Restate all of the entries exactly, dropping any pictures they hold.

►

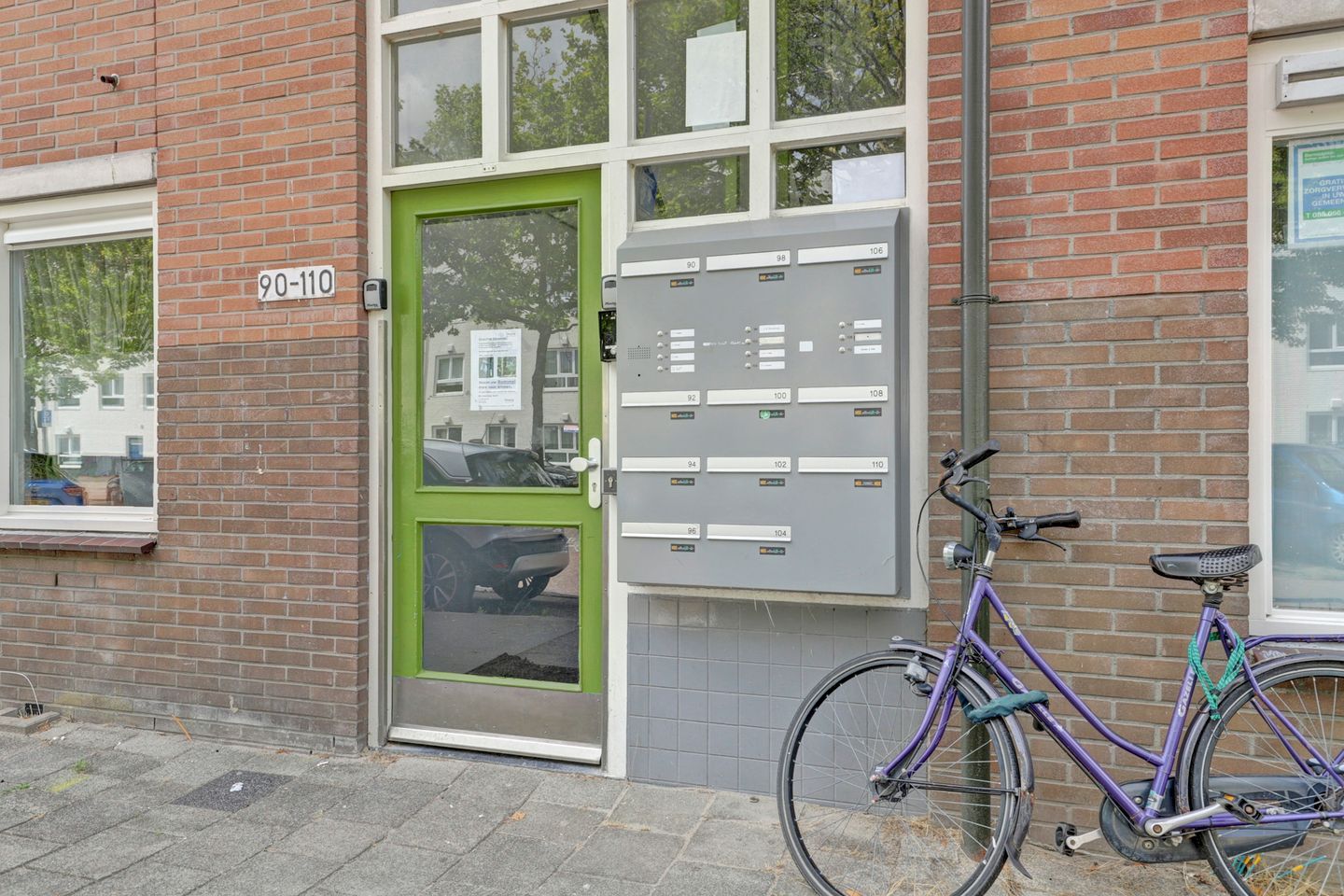 Foto 29 van Daniël Defoelaan 110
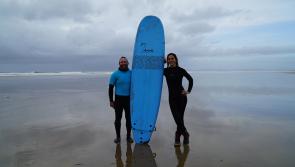 Bundoran to feature in new travel series fronted by TV presenter Julia Bradbury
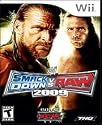 WWE Smackdown vs Raw 2009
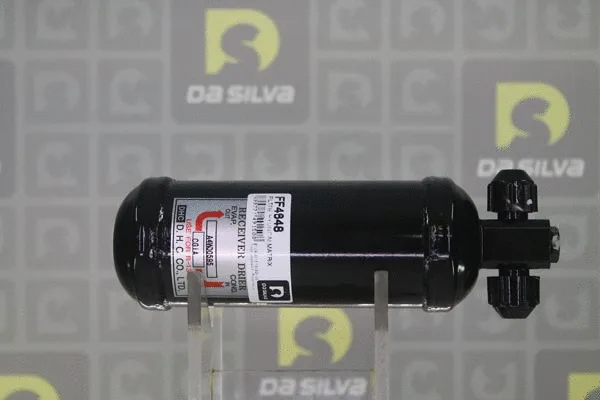 Dryer, air conditioning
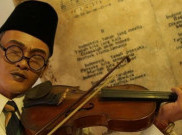 Pertama Kali di Kongres Pemuda II, Indonesia Raya Diperdengarkan tanpa Lirik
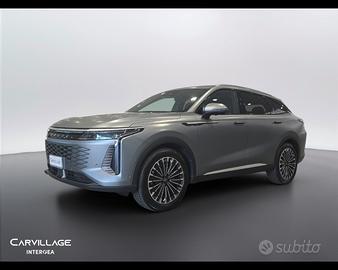 OMODA PHEV 1.5TGDI - Trazione AWD DHT3 Premium (AW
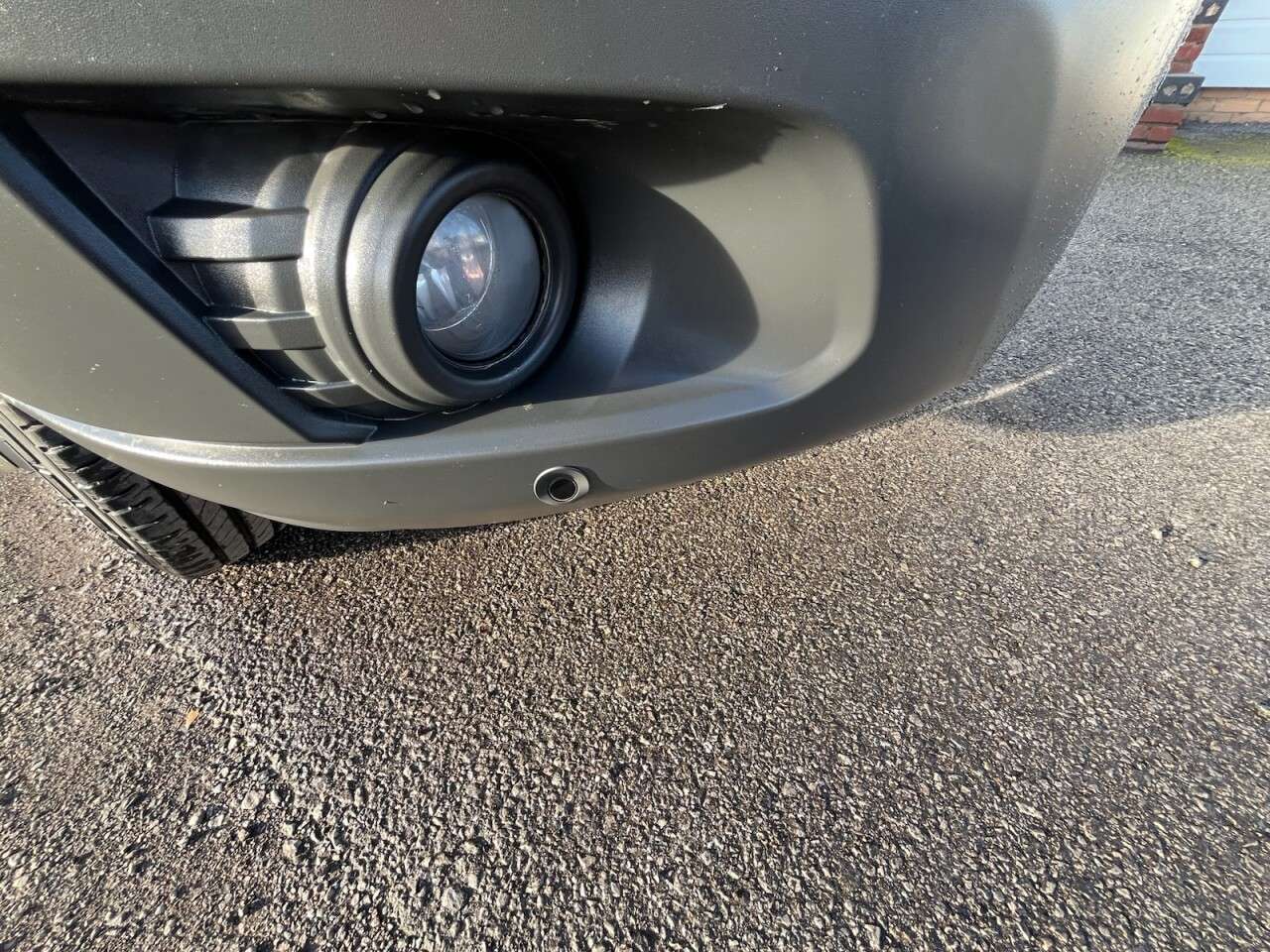 2018 FORD TRANSIT 2018 FORD TRANSIT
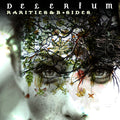 the album cover for Delerium - Rarities & B-Sides
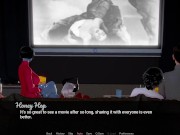 Sexus Resort - (PT 06) - v0.3.2- Netflix and Chill 14/16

◄

(Response area):
 Foto 29 van Daniël Defoelaan 110
 Bundoran to feature in new travel series fronted by TV presenter Julia Bradbury
 WWE Smackdown vs Raw 2009
 Dryer, air conditioning
 Pertama Kali di Kongres Pemuda II, Indonesia Raya Diperdengarkan tanpa Lirik
 OMODA PHEV 1.5TGDI - Trazione AWD DHT3 Premium (AW
 2018 FORD TRANSIT 2018 FORD TRANSIT
 the album cover for Delerium - Rarities & B-Sides
 Sexus Resort - (PT 06) - v0.3.2- Netflix and Chill 14/16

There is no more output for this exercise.